▶ _AIM OF THE EXERCISE_:
Please output the section of the listing below that opens with the line containing "Orca Am Elbschloss 3*" and closes with the line containing "Selective focus shot", exactly and with nothing else.

[[ ENTRIES SUPPLIED open ]]

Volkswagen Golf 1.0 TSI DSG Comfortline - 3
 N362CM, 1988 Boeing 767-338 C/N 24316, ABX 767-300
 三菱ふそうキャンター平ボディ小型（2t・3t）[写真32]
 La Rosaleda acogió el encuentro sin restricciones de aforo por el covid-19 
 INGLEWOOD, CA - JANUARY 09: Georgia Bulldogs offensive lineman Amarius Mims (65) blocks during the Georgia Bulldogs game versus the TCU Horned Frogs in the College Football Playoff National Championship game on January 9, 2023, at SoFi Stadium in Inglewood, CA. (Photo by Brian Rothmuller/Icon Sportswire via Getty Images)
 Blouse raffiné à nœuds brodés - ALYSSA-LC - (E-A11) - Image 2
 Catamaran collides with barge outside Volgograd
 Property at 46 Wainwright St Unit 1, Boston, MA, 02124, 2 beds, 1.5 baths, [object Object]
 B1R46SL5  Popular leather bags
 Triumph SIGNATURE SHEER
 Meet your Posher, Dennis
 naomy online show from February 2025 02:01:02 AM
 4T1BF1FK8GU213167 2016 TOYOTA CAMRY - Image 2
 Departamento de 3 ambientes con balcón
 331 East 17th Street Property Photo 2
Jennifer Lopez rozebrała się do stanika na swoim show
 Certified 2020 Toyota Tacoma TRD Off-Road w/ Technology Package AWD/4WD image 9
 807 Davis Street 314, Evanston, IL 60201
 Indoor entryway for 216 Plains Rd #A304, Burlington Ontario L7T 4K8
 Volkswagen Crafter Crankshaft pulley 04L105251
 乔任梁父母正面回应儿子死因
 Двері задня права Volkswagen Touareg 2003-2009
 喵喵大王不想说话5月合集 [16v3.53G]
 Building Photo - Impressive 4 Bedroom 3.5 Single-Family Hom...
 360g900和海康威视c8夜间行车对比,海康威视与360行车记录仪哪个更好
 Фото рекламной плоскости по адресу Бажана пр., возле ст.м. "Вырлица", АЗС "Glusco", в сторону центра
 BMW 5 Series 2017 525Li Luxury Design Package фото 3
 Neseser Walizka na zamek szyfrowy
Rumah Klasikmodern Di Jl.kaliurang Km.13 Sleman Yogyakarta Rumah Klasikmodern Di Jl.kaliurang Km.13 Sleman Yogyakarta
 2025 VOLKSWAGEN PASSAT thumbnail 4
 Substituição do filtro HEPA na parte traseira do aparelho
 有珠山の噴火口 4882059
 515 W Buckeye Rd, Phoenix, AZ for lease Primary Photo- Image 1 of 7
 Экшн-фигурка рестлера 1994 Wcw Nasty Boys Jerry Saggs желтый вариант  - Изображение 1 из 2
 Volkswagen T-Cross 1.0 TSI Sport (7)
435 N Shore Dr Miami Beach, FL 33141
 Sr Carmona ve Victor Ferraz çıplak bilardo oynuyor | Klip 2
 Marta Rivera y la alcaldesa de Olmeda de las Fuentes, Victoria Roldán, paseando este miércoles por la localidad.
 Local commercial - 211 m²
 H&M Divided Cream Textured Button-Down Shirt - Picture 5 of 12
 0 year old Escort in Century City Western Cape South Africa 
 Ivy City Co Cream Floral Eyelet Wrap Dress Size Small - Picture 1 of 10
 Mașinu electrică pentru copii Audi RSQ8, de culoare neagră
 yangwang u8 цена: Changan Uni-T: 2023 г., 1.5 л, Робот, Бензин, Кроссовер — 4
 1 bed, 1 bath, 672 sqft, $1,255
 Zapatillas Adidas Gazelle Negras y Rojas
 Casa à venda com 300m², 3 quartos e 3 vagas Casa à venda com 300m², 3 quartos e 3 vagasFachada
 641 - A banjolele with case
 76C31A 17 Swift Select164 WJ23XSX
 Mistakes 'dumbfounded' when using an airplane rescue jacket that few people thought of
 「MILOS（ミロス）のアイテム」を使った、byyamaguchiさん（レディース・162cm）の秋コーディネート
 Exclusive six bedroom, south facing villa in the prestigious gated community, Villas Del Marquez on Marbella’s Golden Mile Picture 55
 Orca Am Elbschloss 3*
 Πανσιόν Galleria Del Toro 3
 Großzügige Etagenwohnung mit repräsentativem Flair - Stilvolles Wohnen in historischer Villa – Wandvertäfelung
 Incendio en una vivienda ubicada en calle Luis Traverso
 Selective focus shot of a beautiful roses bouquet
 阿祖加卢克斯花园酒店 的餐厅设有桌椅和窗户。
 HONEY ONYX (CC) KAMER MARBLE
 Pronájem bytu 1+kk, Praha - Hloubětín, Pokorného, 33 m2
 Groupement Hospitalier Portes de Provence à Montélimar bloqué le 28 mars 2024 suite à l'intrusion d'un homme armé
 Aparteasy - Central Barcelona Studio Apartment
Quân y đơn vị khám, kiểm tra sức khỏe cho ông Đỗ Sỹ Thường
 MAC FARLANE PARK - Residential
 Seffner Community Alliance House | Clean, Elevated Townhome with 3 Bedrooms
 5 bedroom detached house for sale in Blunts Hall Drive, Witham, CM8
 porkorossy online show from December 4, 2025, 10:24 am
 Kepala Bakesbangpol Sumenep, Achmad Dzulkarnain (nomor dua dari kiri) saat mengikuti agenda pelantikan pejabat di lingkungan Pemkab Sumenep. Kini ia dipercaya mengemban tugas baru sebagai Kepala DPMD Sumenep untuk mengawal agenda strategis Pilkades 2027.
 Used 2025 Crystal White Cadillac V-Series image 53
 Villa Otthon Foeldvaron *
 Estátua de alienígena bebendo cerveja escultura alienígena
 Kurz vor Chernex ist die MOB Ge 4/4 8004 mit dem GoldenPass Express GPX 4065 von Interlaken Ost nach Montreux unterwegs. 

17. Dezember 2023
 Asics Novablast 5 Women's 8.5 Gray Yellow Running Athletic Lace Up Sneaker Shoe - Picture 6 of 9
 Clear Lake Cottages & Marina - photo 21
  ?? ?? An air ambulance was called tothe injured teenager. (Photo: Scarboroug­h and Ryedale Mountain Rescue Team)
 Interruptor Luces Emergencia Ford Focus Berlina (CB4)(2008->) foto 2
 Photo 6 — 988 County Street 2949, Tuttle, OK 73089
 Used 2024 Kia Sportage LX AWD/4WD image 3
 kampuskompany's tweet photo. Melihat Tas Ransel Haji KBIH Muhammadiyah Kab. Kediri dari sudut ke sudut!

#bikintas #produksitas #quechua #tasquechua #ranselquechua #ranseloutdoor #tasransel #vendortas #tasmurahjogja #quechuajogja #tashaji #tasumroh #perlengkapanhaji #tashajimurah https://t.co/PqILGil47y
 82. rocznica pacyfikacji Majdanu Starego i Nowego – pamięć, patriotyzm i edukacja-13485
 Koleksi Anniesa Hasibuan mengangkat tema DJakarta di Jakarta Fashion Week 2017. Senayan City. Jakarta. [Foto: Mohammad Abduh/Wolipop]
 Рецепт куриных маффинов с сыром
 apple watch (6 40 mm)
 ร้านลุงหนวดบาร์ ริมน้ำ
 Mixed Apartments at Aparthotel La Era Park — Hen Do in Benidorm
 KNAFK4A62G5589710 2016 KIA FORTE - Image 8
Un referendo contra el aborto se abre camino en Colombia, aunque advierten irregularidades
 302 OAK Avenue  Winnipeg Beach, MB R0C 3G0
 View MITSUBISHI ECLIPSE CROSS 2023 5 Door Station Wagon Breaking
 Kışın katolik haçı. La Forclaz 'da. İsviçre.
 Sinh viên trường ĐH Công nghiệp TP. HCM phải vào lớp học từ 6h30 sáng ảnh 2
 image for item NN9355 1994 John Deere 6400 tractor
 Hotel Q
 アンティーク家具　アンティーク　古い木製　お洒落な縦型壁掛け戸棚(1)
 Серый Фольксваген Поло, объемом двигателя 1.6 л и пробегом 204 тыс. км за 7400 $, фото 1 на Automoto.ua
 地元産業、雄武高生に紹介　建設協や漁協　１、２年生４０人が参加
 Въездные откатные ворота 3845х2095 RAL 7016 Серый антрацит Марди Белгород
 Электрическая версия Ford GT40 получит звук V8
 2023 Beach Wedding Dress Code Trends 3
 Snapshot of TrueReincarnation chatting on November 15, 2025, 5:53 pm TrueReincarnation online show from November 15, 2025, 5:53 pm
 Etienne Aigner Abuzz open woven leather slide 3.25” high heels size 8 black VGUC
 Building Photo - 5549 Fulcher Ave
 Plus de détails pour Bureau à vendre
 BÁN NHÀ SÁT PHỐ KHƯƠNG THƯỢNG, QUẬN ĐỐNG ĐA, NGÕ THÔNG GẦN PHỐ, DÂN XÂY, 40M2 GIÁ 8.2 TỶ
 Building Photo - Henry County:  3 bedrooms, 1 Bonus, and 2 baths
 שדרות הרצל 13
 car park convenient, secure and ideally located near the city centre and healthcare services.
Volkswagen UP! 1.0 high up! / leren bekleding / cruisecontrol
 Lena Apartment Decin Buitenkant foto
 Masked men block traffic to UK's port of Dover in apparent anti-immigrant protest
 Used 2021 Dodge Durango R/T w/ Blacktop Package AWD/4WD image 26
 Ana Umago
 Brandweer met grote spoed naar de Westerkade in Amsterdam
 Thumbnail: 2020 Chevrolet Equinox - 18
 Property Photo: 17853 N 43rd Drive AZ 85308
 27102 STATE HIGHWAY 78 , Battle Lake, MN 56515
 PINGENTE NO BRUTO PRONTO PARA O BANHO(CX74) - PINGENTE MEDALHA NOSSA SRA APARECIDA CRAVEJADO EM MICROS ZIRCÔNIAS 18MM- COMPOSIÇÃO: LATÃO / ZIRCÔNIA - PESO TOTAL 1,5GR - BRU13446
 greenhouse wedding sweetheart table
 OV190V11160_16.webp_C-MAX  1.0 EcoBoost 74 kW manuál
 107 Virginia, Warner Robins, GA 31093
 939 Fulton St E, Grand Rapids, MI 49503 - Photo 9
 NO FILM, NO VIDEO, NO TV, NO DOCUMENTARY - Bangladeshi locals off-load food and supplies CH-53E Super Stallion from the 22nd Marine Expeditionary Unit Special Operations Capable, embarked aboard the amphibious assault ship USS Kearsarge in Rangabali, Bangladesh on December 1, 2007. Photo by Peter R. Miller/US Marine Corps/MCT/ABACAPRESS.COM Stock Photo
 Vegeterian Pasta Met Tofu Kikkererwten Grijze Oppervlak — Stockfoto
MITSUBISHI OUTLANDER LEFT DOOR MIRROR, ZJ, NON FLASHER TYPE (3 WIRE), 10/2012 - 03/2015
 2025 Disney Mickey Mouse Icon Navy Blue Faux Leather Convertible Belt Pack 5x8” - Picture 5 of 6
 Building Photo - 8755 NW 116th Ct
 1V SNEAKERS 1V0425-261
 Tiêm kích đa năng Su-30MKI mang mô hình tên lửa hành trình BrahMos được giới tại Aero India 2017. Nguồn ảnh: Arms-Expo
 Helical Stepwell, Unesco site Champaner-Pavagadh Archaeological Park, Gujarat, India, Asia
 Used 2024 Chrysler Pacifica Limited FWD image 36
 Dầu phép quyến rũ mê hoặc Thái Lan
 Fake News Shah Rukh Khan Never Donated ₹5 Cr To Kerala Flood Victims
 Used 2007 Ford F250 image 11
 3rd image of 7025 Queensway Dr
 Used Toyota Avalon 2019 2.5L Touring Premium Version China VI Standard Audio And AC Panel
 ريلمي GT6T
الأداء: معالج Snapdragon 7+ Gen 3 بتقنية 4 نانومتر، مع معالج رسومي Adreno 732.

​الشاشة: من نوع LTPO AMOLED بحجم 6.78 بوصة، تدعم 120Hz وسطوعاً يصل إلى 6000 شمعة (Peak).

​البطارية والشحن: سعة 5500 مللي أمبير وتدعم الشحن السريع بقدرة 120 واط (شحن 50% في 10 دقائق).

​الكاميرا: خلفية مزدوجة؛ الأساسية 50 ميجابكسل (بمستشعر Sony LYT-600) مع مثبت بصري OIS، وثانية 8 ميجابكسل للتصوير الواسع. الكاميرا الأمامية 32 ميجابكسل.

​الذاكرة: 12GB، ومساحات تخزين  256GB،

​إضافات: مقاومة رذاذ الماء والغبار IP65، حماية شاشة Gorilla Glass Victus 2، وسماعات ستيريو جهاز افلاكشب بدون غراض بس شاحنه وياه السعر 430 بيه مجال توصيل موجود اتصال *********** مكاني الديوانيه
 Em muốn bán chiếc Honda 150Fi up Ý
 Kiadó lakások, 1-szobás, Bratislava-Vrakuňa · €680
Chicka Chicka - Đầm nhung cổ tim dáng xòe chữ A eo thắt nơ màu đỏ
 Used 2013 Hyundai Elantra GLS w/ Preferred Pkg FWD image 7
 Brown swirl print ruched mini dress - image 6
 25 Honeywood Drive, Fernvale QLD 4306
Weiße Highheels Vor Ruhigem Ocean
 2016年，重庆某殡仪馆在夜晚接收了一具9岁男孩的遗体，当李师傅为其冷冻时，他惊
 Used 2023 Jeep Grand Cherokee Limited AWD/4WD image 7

[[ ENTRIES SUPPLIED closed ]]

▶ _RESPONSE BOX_:
 Orca Am Elbschloss 3*
 Πανσιόν Galleria Del Toro 3
 Großzügige Etagenwohnung mit repräsentativem Flair - Stilvolles Wohnen in historischer Villa – Wandvertäfelung
 Incendio en una vivienda ubicada en calle Luis Traverso
 Selective focus shot of a beautiful roses bouquet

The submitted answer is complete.